*WHAT YOU SHOULD DO:*
Please repeat, from the entries that follow, the lines from the one containing "Kattya González denuncia" through the one containing "است؟ | دیلی فوتبال" exactly, adding nothing.

*** ENTRIES PROVIDED ***

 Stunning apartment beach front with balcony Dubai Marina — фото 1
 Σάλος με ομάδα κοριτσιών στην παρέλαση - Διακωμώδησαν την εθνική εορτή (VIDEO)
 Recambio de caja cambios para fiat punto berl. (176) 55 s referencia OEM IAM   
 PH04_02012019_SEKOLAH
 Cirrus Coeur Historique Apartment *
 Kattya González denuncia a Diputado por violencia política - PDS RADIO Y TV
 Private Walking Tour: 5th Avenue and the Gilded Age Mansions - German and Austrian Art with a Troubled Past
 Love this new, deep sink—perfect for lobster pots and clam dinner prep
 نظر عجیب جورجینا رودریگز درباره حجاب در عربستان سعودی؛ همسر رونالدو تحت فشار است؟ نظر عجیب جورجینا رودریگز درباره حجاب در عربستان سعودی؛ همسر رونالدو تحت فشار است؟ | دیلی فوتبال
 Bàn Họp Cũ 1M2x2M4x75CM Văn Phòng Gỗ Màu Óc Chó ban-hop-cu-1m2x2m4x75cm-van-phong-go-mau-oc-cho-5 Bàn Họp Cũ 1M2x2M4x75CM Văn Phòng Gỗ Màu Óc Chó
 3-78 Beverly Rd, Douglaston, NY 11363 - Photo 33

*** End of ENTRIES PROVIDED ***

*SOLUTION:*
 Kattya González denuncia a Diputado por violencia política - PDS RADIO Y TV
 Private Walking Tour: 5th Avenue and the Gilded Age Mansions - German and Austrian Art with a Troubled Past
 Love this new, deep sink—perfect for lobster pots and clam dinner prep
 نظر عجیب جورجینا رودریگز درباره حجاب در عربستان سعودی؛ همسر رونالدو تحت فشار است؟ نظر عجیب جورجینا رودریگز درباره حجاب در عربستان سعودی؛ همسر رونالدو تحت فشار است؟ | دیلی فوتبال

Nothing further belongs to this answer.